Elizabeth Thomas, assistant professor
Department of Geology

The Arctic is warming faster than the rest of the globe, and as it does, it’s predicted to get wetter. But why? What mechanisms might drive these changes?

A new study looks to history for answers, examining what happened in the region during a period of warming some 8,000 years ago. The research finds evidence that in this ancient time, western Greenland became more humid, a trend that’s often linked to increased precipitation. The study further shows that two different climactic processes may have contributed to this elevated humidity:

  • As the Arctic heats up, sea ice melts, exposing regional waters to sun, air and increased evaporation.
  • As the planet warms, humidity increases more in regions closer to the equator. This creates an imbalance in global humidity and, eventually, moist air from lower latitudes is drawn into the drier Arctic.

“We used geologic evidence to determine that both of these processes likely contributed to an increase in humidity in western Greenland when the region warmed rapidly 8,000 years ago,” says lead researcher Elizabeth Thomas, assistant professor of geology in the College of Arts and Sciences. “As such, both processes could be at play again today, contributing to possible future increases in Arctic humidity, and ultimately, precipitation.”

“We don’t have long or detailed written records of Arctic precipitation, so we don’t fully understand how precipitation might increase in response to warming,” she says. It’s an important area of study, she adds, because, “precipitation in the Arctic has complex interactions with climate, and it also impacts plant communities and affects how fast glaciers may shrink.”

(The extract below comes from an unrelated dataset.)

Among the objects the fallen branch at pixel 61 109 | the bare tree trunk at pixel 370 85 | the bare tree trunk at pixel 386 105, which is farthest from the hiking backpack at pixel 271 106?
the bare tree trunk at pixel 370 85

The study was published this month in Geophysical Research Letters by a team of scientists from UB, the University of Massachusetts and Northern Arizona University. The research was funded by the National Science Foundation.

A sample of organic matter extracted from lake sediment at the bottom of a vial.

A sample of organic matter extracted from lake sediment at the bottom of a vial. The new study was based on data from similar samples that were extracted from the bottom of Sikuiui Lake in northwestern Greenland. Photo: Douglas Levere

Clues in lakebed mud

To learn about the climate history of western Greenland, scientists analyzed lakebed mud dating back thousands of years. This sediment contains organic matter — such as ancient leaf waxes and compounds produced by bacteria — that reveal information about the region’s climatic past.

As Thomas explains, when it comes to leaf waxes, weather influences the chemical content of these waxes in ways that scientists can trace. Specifically, leaf waxes contain small amounts of a rare form of hydrogen called deuterium, and the concentration of deuterium can go up or down in response to factors such as humidity and precipitation patterns. (One example: In Arctic leaf waxes, deuterium concentrations fluctuate depending on whether precipitation originated locally or from clouds that traveled long distances from low latitudes to arrive in the region).

Chemicals called branched glycerol dialkyl glycerol tetraethers (GDGTs), produced by bacteria, also hold clues about past climate. The composition of these compounds varies depending on the temperature of the surrounding environment at the time they were produced. As a result, scientists can use branched GDGTs to reconstruct prehistoric temperature trends, Thomas says.

These chemical indicators enabled Thomas’ team to investigate ancient humidity and precipitation trends in western Greenland as the region warmed some 8,000 years ago. The new research was based on leaf waxes and branched GDGTs found in a sediment sample the team extracted from the bottom of Sikuiui Lake in western Greenland.

“These chemical indicators are fairly new tools, and they enable us to research ancient climate in ways that were not possible before,” Thomas says. “We can use these tools to investigate how humidity fluctuated in a region thousands of years ago, or whether storms in an area originated locally or far away. This is important because understanding what happened in ancient times can provide us with insight into what might happen today as the climate changes.”